(Advanced) Understanding Match Scoring

understanding match scoring

Understanding how MatchLogic calculates match scores is essential for tuning your match configuration and interpreting results correctly. This article walks through the scoring formula, explains how multiple definitions interact, and explains how scores map to confidence bands and the threshold setting.

Field-Level Scores

Every criteria in a match definition produces a field-level score between 0 and 100 when two records are compared. The meaning of this score depends on the match type:

  • Exact match: returns either 100 (values are identical after normalization) or 0 (values differ)
  • Fuzzy match: returns a value between 0 and 100 based on string similarity, with 0 returned if similarity falls below the configured Level threshold
  • Phonetic match: returns 100 if phonetic codes match, 0 if they do not
  • Numeric Range match: returns a graduated score between 0 and 100 based on how close the values are relative to the configured tolerance

A field-level score of 0 on one criteria does not prevent a pair from matching overall — it simply means that criteria contributed nothing to the weighted average. The overall score can still be high if the remaining criteria score well and have significant weights.

The Weighted Average Formula

The overall match score for a pair under a given definition is calculated as a weighted average of all field-level scores:

overall_score = (Σ field_score_i × weight_i) / (Σ weight_i)

The denominator is the sum of all weights in the definition, not just the weights of criteria that produced non-zero scores. This means that a criteria with a high weight that scores 0 will significantly pull down the overall score, even if other criteria score perfectly. This is intentional: if a key field like last name is configured with a high weight, a pair where last names are completely dissimilar should receive a low overall score regardless of how well other fields match.

Example: Three-Criteria Definition

Consider a match definition with three criteria:

Criteria Weight Field Score Contribution
Last Name (Fuzzy) 50 80 50 × 80 = 4,000
First Name (Fuzzy) 30 100 30 × 100 = 3,000
Date of Birth (Exact) 20 0 20 × 0 = 0
overall_score = (4,000 + 3,000 + 0) / (50 + 30 + 20) = 7,000 / 100 = 70

The pair scores 70 overall. The date of birth mismatch costs 14 points (it would have been 84 if DOB matched exactly). The analyst must decide whether 70 is sufficient to be considered a match given the project's threshold setting.

Multiple Definitions: OR Logic

A project can have multiple match definitions, each representing a different matching strategy. When multiple definitions are active, MatchLogic evaluates all of them for each pair and uses the highest scoring definition as the pair's overall score. This is OR logic: if any definition produces a score above the threshold, the pair is considered a match.
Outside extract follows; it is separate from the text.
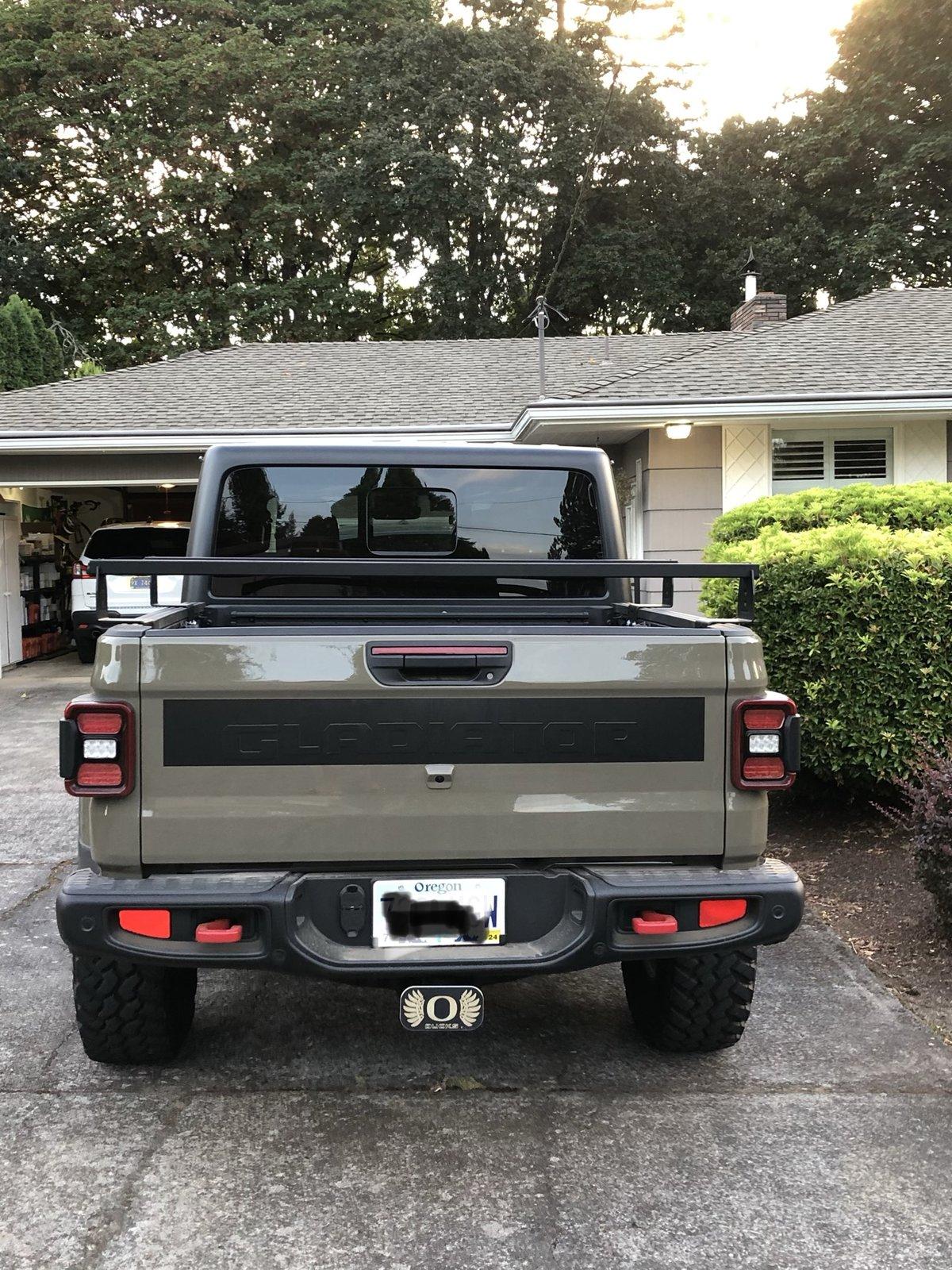 Jeep Gladiator What did you do TO your Gladiator today? [ADMIN WARNING: NO POLITICS, NO GUN TALK] 2C7F7BD4-ED69-4E06-A00C-05E0E069D345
For example, you might have:

  • Definition A: Name + Date of Birth + Address (high-confidence identity matching)
  • Definition B: Name + Phone Number (useful when address is not available)
  • Definition C: Email Address alone (for digital identity matching)

A pair that has no address or phone data but identical email addresses will score 0 under Definitions A and B but potentially 100 under Definition C. The pair's reported score is 100, and the winning definition is C. The Match Results table shows the score breakdown per definition, so analysts can see which definition drove each match.

Confidence Bands

To make scores more intuitive, MatchLogic maps numeric scores to named confidence bands displayed as color-coded badges in the results table and summary report:

Band Score Range Interpretation
Excellent 95–100 Near-certain match. Manual review rarely needed.
High 80–94 Strong match. Occasional review recommended for high-value data.
Good 60–79 Likely match. Review is advisable before merging.
Moderate 40–59 Possible match. Careful review required; false positives likely.
Low 20–39 Weak match. Probably not duplicates unless other evidence supports it.
Poor 0–19 Very unlikely to be a true match.
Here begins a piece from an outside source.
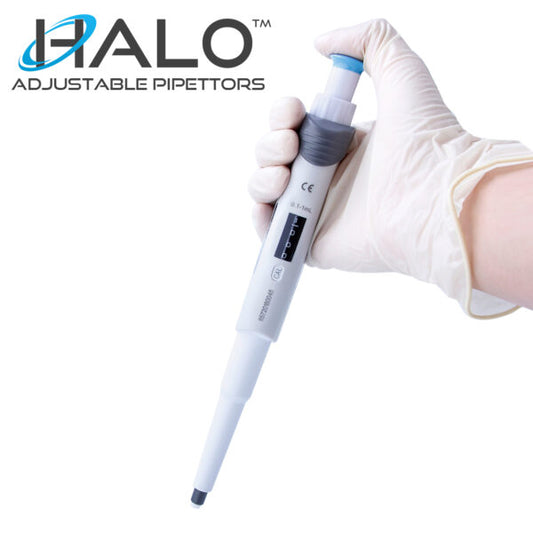 HALO™ Single-Channel Pipettors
The Match Quality Report (Summary tab in Match Results) shows the distribution of pairs across confidence bands, giving a quick overview of overall match quality for the project.

The Threshold Setting

The threshold is a minimum score below which pairs are excluded from results entirely. It is configured in the Match Definitions module and applied globally. Pairs that score below the threshold are never surfaced to analysts and are not included in groups, counts, or export data.
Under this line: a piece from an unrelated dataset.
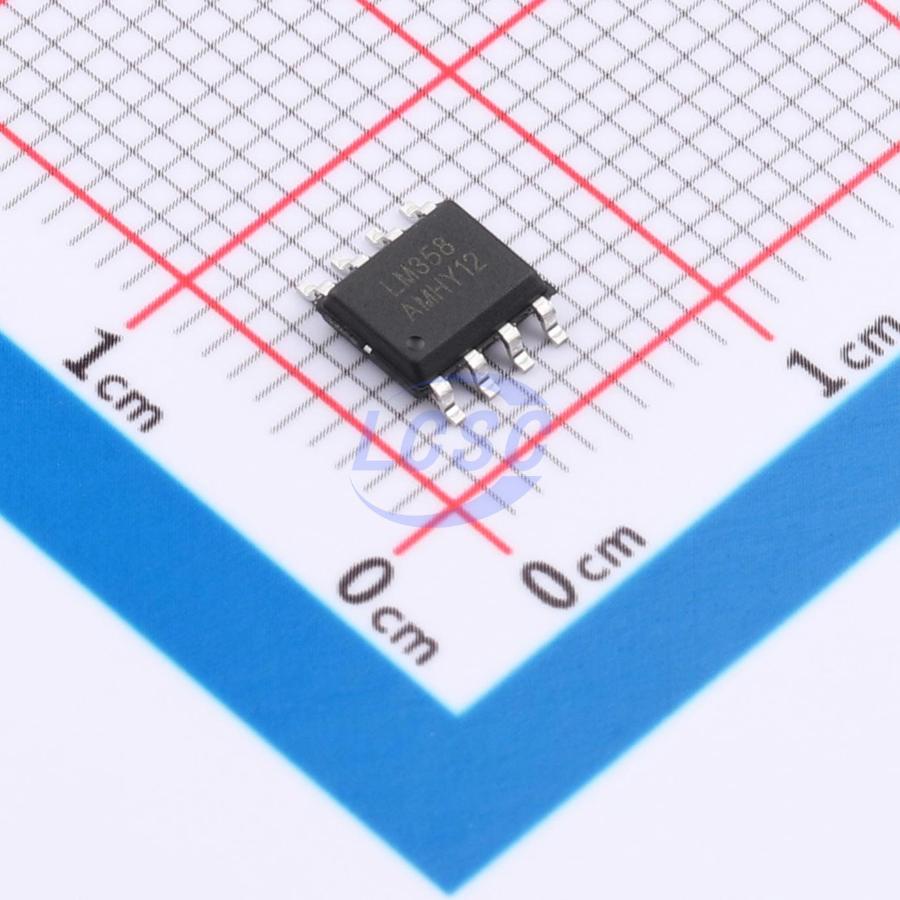 LM358ADR(TP) TECH PUBLIC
Setting the threshold correctly is one of the most important tuning decisions in a matching project:

  • A high threshold (e.g., 85) produces fewer, higher-confidence results but may miss genuine duplicates where data quality is lower. This is appropriate when false positives are costly — for example, when matched records will be automatically merged without review.
  • A low threshold (e.g., 40) captures more potential duplicates but requires more manual review to filter out false positives. This is appropriate for exploratory analysis or when completeness is critical and all possible matches must be identified.

A common approach is to start with a moderate threshold (60–70), review a sample of results, and then adjust up if too many false positives appear or down if genuine duplicates are being missed. The confidence band distribution in the Match Quality Report is a useful guide for this tuning process.